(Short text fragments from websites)
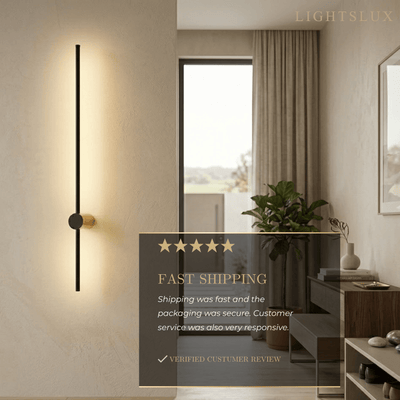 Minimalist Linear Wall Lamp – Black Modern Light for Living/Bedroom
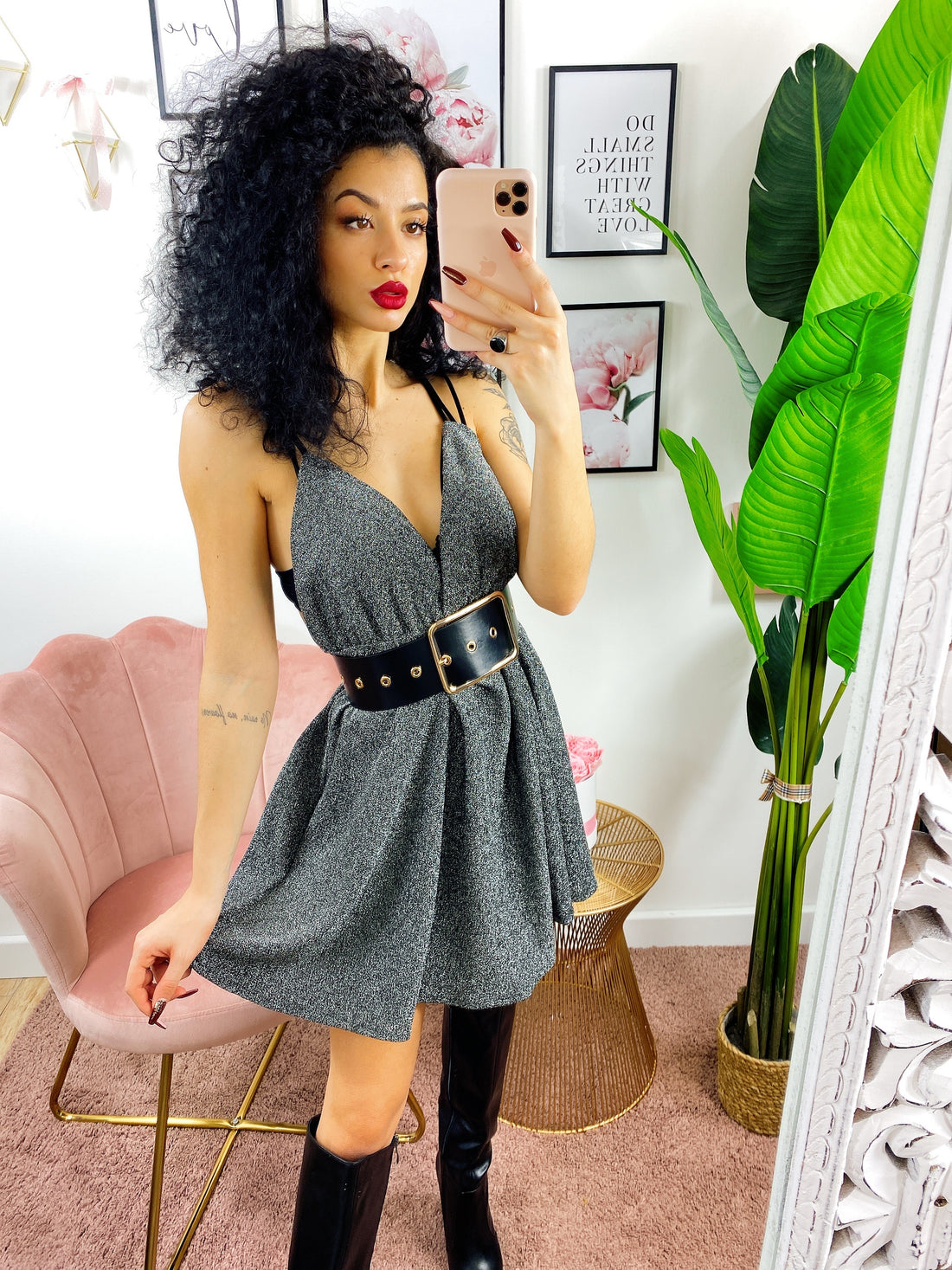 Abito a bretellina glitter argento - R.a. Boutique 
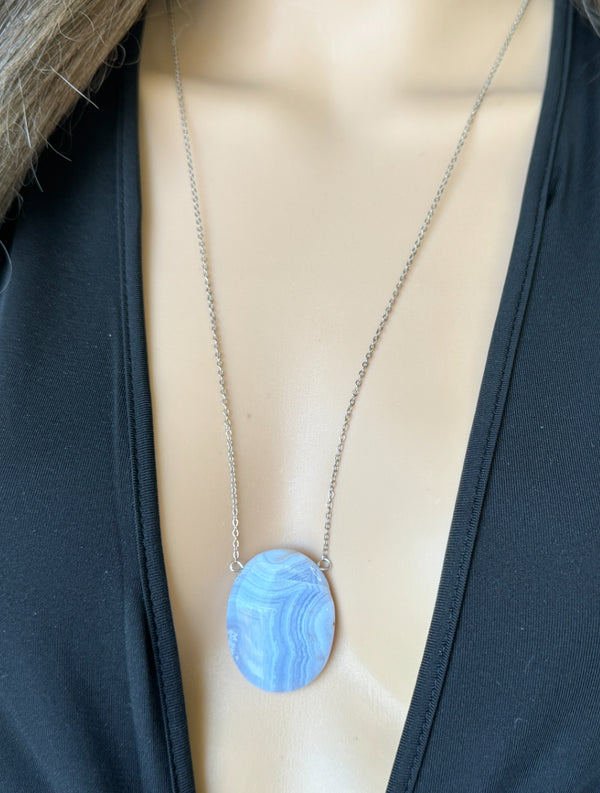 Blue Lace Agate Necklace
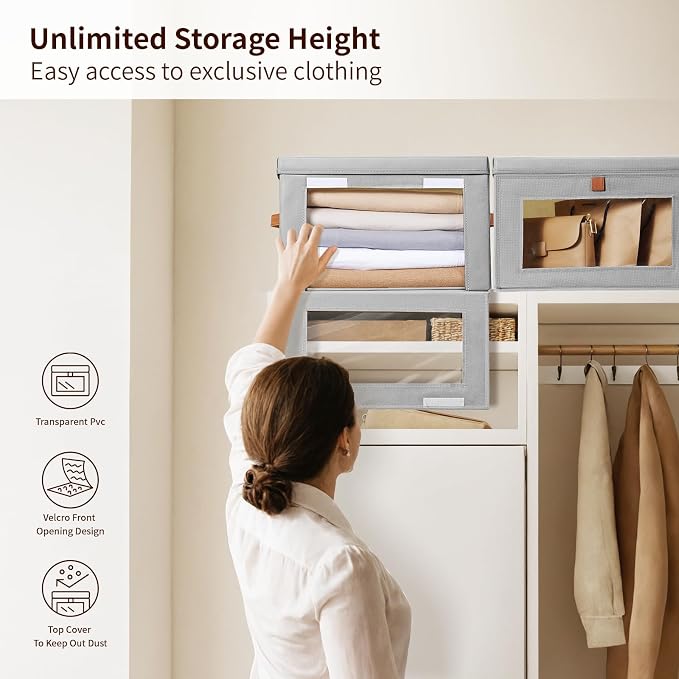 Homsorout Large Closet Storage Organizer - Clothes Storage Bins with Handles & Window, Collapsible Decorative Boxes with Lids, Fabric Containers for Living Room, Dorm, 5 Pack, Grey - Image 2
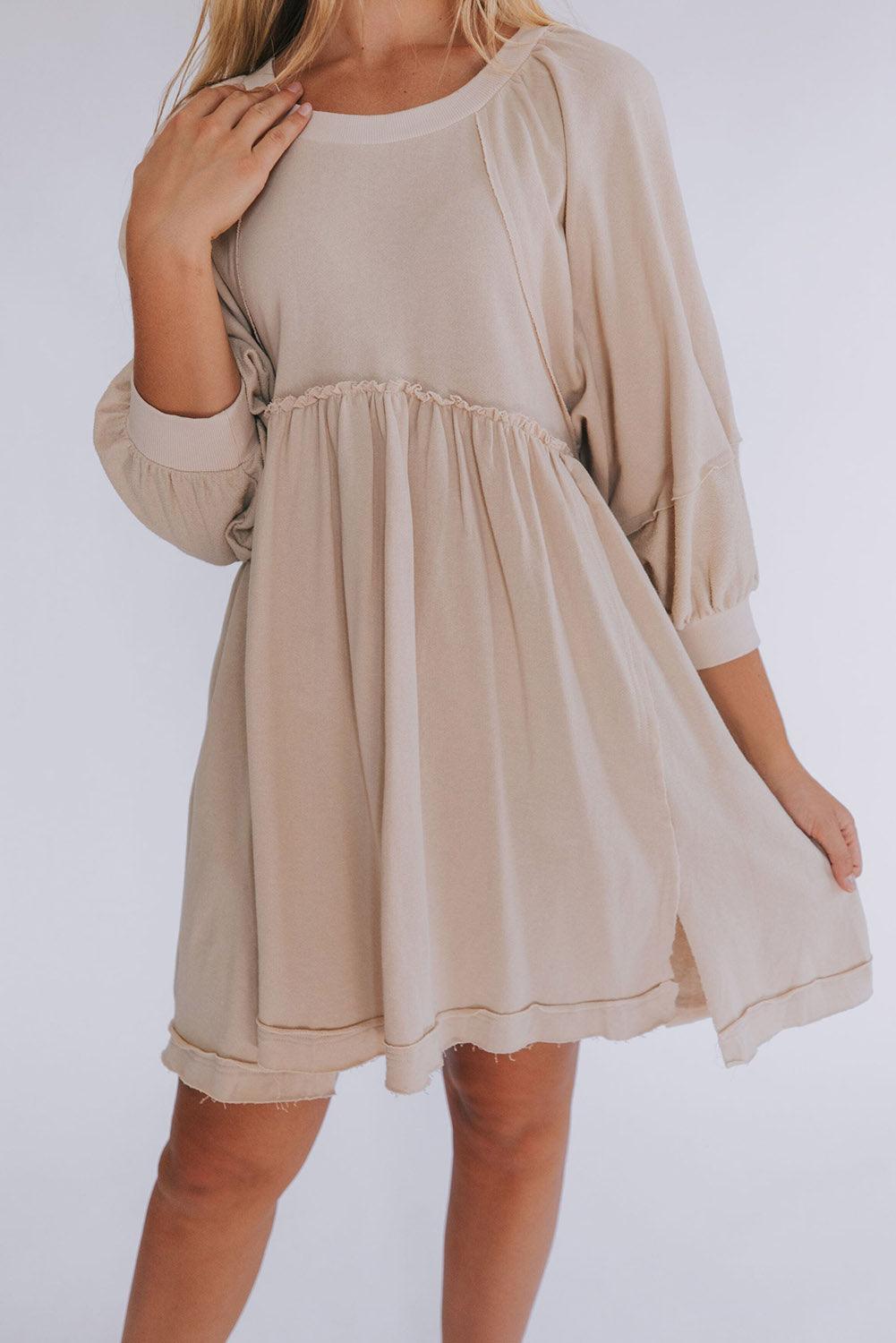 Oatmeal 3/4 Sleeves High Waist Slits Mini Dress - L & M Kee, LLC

=== WORK INSTRUCTIONS ===
In the records above, find the line containing "Blue Lace Agate Necklace" and output every line from the first through that one, exactly, omitting pictures.

=== SOLUTION ===
 Minimalist Linear Wall Lamp – Black Modern Light for Living/Bedroom
 Abito a bretellina glitter argento - R.a. Boutique 
 Blue Lace Agate Necklace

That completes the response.